▶ [Assigned task]: When you copy the data that follows, reproduce every word exactly and leave out the images.

▶ [Provided data]:
============

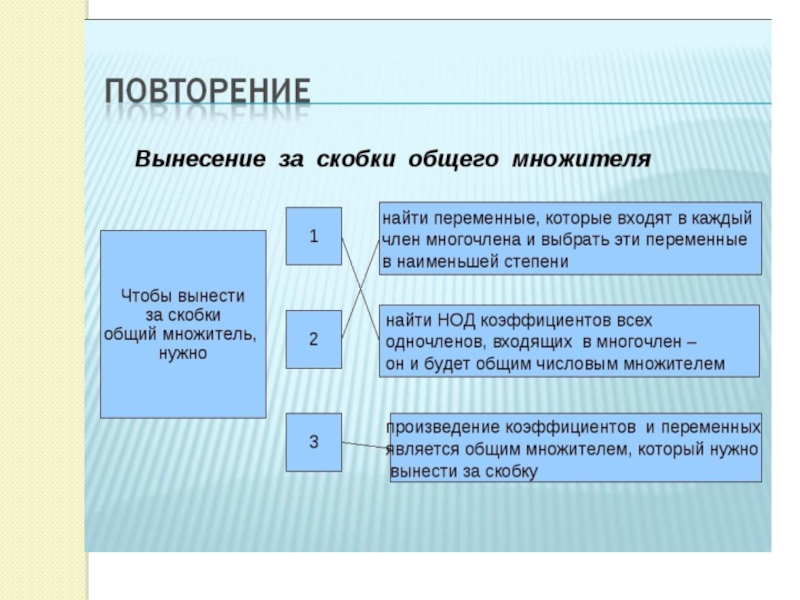 Правило вынесения за скобки множителя. Вынесение общего множителя за скобки. Правило вынесения общего множителя за скобки. Вынести за скобки общий множитель многочлена. Вынесение общего множителя за скобк.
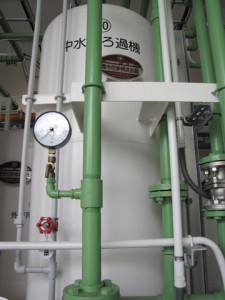 中水用ろ過機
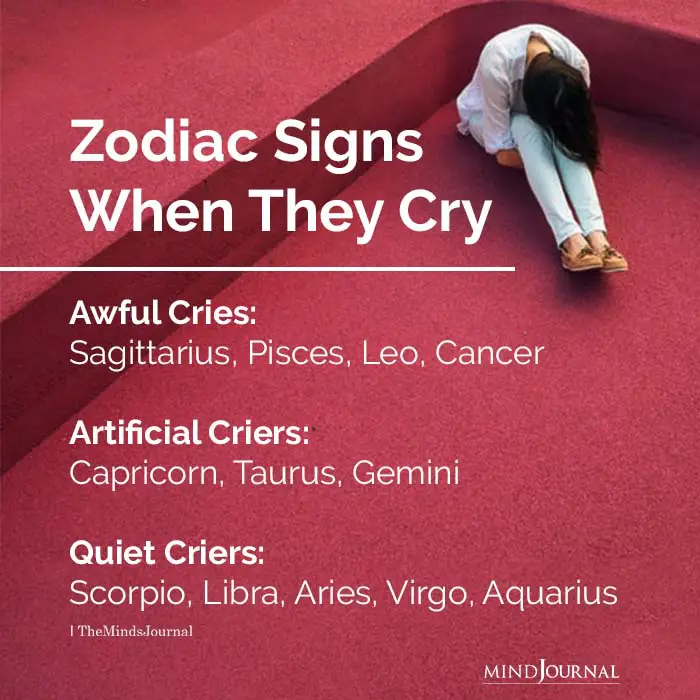 Zodiac Signs When They Cry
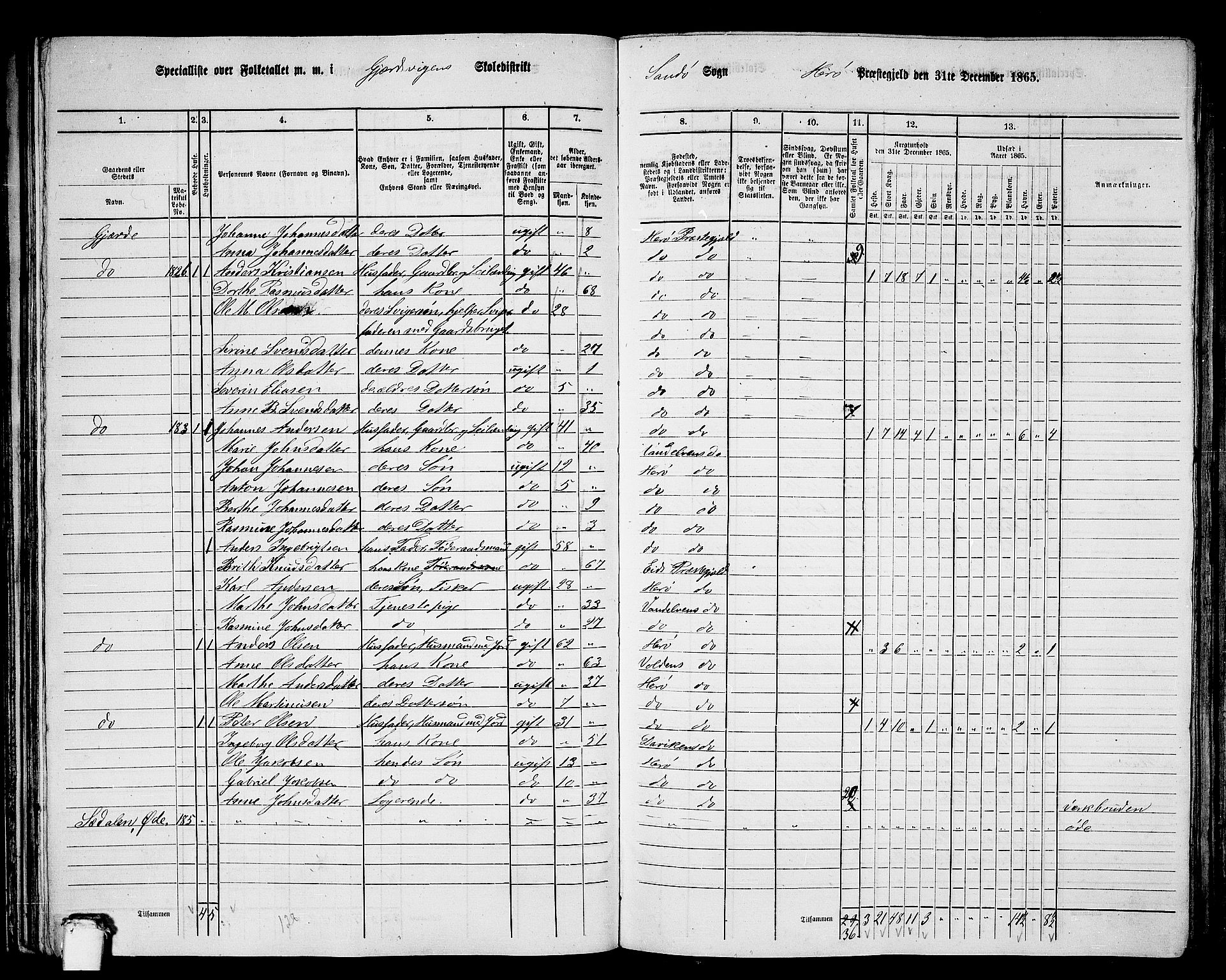 RA, 1865 census for Herøy, 1865, p. 94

============

▶ [Response]:
 Правило вынесения за скобки множителя. Вынесение общего множителя за скобки. Правило вынесения общего множителя за скобки. Вынести за скобки общий множитель многочлена. Вынесение общего множителя за скобк.
 中水用ろ過機
 Zodiac Signs When They Cry
 RA, 1865 census for Herøy, 1865, p. 94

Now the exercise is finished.